Kampala, Uganda | THE INDEPENDENT | It was a normal Wednesday morning when Aisha Nanfuma, a student pursuing a bachelor’s degree of science in statistics at Kyambogo University, left her hostel in Banda and headed to campus for lectures, only to be denied entry into the University.
Nanfuma had dressed in her long garbs with a veil, which is typically a scarf that covers the hair and neck, as one of the virtues expected of a female Muslim while in public. However, on reaching the entrance, she was denied access with guards demanding that she first removes her veil in the name of security.
“The security officer told me that she was not aware of what I was hiding in the veil so she said that given the current security alertness and bomb attacks, they could not allow me inside the university with a veil,” the frustrated student narrates. “I told her to check me as they have always done. But she insisted that I remove it lest I was not to be granted access.”
Hijab is regarded by many Muslims as a symbol of both religion and womanhood. The Qur’an tells Muslims – men and women – to dress modestly. Male modesty has been interpreted to be covering the area from the navel to the knee. For women, it is generally seen as covering everything except their face, hands, and feet when in the presence of men they are not related or married to.
The hijab is hence the Muslim dress code for both men and women which can be achieved when one wears in accordance to the guidelines which include covering parts considered as part of one’s nakedness as earlier alluded to.
Nanfuma notes that for years, she had never experienced such an embarrassment. However, she was not the only student to face this treatment. After spending time at the entrance, she realized that another veiled Muslim female student was standing by the gate, having also been denied entry on the same grounds.
“She was standing in confusion possibly contemplating whether she accepts their order or not,” she added.
Nanfuma says that for several minutes, she attempted an argument with the security officers in vain. And as she argued, several students including non-Muslims noticing the infringement on their rights, advised them to maintain their veil.
Faidat Abdulwahab, a first-year student pursuing a bachelor’s degree in procurement and logistics management, says that forcing students to unveil is not only an infringement on their freedom of worship as enshrined in the constitution of Uganda but also disrespectful. She equated the act to stripping a female in public.
Faidat notes that for years, Muslims have been wearing their attire and nobody had questioned it. To her, the practice if not curbed might evolve into something unpleasant. She adds that the university management should desist from what she describes as an Islamophobic, illogical, hysterical, and discriminatory decision to ban veils.
Faidat says that if the university is concerned with security matters, they should buy metal detectors.
Bashir Lule, the chairperson of Kyambogo University Muslim Students Association-KYUMSA, says that there have been comments on the practice but the leadership had not got evidence or anyone who wished to freely speak about the matter, as many students fear to land into trouble with the university management.

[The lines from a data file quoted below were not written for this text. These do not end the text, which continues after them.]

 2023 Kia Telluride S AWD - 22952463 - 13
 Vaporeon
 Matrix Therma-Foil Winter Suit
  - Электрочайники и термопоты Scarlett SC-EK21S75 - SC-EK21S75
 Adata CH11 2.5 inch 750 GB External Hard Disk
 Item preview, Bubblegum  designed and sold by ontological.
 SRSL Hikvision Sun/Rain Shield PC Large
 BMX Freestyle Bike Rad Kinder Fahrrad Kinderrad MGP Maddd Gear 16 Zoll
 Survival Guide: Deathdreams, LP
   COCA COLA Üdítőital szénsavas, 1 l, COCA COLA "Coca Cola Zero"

Lule is concerned that the acts of disrespecting female Muslim students wearing Hijab seem to be increasing.
He told URN that the practice has been happening during the examination period with Muslim girls being denied access to examination rooms until they unveil.
The student imam at KYUMSA Yusuf Bulaf also notes that although the ongoing practice might not have been institutionalized, for years students at the university have been going through such similar treatment when they are forced to remove their ‘kufi’ caps and veils during an examination.
Bulaf adds that the current security alert on possible terror attacks is making the situation worse. To him, there is a need to discourage the practice. The student Imam notes that they have written to the university management showing their discomfort with the practice with a need to have the controversial “rule” reversed.
“We have proposed that the university should put up female officers at the entrance to check ladies with veils so as not to have a breach in security systems nor into our rights and values as Muslims,” says Bulaf.
Reuben Twinomujuni, the senior Public Relations Officer of Kyambogo University, notes that the act was never sanctioned by the university management but it seems to be actions of individual security officers who are looking for means of ensuring that there is no security threat at the campus.
Nonetheless, Twinomujuni adds that management has discussed the matter and thinks that soon security officers will be briefed on how better this can be done without necessarily abusing the rights and freedoms of students.
This is not the first time female students are being forced to unveil while at a public university in Uganda. In 2011, Zaituni Namujju, BA Social Sciences student at Makerere was forced to remove her veil before sitting an examination.
At that time, the lecturer, Dr Eria Olowo Onyango noted that the lady was putting on an ‘’illegal” attire. For the lady to be allowed in the examination room, she had to unveil, an act that caused chaos and a strike by students and some staff members.